Séneca señala que los bienes materiales no proporcionan la felicidad. Solo la virtud nos hace dichosos. Cuando perdonamos a alguien que nos ha injuriado, experimentamos una legítima satisfacción interior. Nuestra conciencia nos ordena servir a los hombres y no incurrir en el odio: “Allí donde hay un ser humano hay lugar a la benevolencia”. No debemos atesorar riquezas, pues no podrán acompañarnos cuando muramos. Es mejor buscar el afecto y el reconocimiento: “Mira que todos te amen mientras vivas y que puedan lamentarse cuando mueras”. En ocasiones, Séneca habla de la muerte como una liberación, afirmando en términos platónicos que el cuerpo es la prisión y la tumba del alma: “El día de la muerte es verdaderamente para el alma el día del nacimiento eterno”.
Séneca pervive en la memoria colectiva por las grandes lecciones que nos legó. En las Epístolas morales a Lucilio, nos reveló que la verdadera riqueza consiste en una decorosa pobreza; que “sin compañía no es grata la posesión de bien alguno” y que debemos ser nuestros propios amigos, amándonos a pesar de nuestros defectos. El sabio huye de la multitud, pues solo le interesa el “aplauso interior”. Celebra la vejez: “¡Qué dulce resulta tener agotadas las pasiones y dejadas a un lado!”. Busca a Dios en su conciencia y no en el exterior: “Dios está cerca de ti, está contigo, está dentro de ti”. La sabiduría es accesible a todos. Por eso, “todos somos nobles” y “todos los hombres pertenecen al mismo linaje”, incluidos los esclavos, que “gozan del mismo cielo, respiran de la misma forma, viven y mueren como tú”. La sabiduría nos enseña que la amistad es “vivir en comunión”. No conoceremos la dicha si solo vivimos para nuestro provecho: “has de vivir para el prójimo, si quieres vivir para ti”. El filósofo está llamado a salir en defensa de “los desgraciados, los náufragos, los enfermos, los cautivos, los reos, los necesitados”. No puede encerrarse en disquisiciones teóricas y estériles.

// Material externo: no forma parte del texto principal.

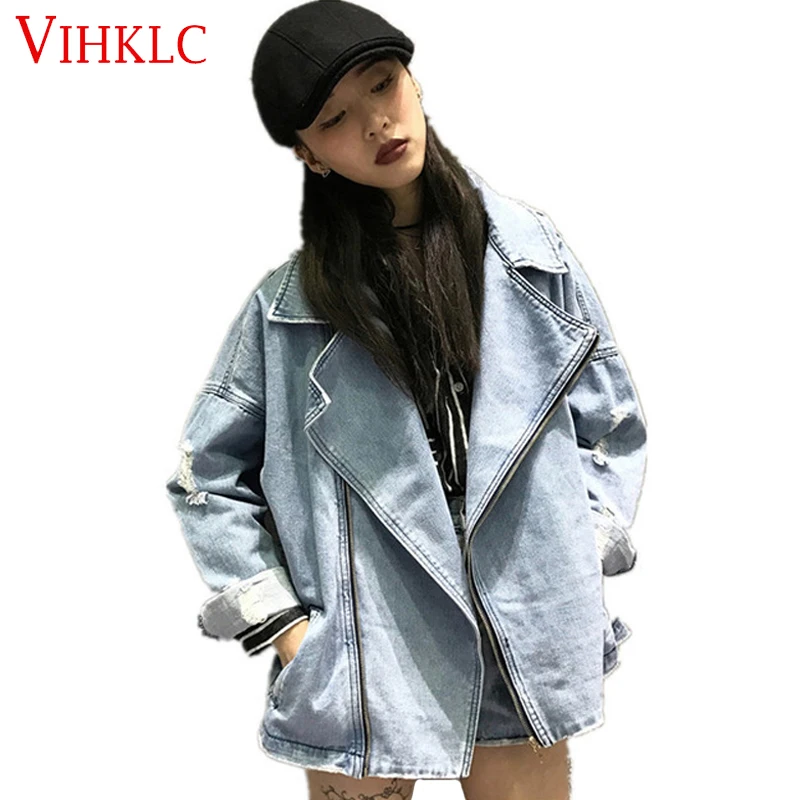 Джинсовая куртка 2018 Демисезонный Для женщин Bf basiccaot с длинным рукавом Свободные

Séneca encarna la perplejidad del ser humano frente al cosmos. No pretende entenderlo todo. Se conforma con aprender a vivir. Su meta es discurrir por la vida con serenidad y entereza. La filosofía no puede protegernos de las calamidades, pero nos ayuda a sobrellevarlas. La patria del sabio es el hombre. No hay que cerrar la puerta nuestros semejantes. Los malvados solo son individuos equivocados y nuestros antagonistas pueden ser los mejores maestros. Coherente con este planteamiento, Séneca sitúa a Epicuro entre Sócrates y Zenón, aceptando su magisterio. Lejos de los ídolos paganos, Séneca siente devoción por el Dios padre, testigo íntimo de nuestros actos y benefactor de la humanidad, desdeñando los ritos solemnes: “¿Quieres ser grato a Dios? Sé bueno; imitarlo es rendirle culto, y eso no se consigue realizando sacrificios, sino con voluntad piadosa y recta”. Su juicio sobre la sociedad de su tiempo no es indulgente: “Es una reunión de bestias de toda especia, con la diferencia de que éstas son cariñosas entre sí y no se muerden, mientras los hombres se destrozan mutuamente”.
Es imposible leer a Séneca y no sentir que es nuestro contemporáneo. Sus palabras proceden de muy lejos, pero nos ayudan a habitar el ahora, recordándonos que el pensamiento no es un adorno, sino lo que nos hace humanos.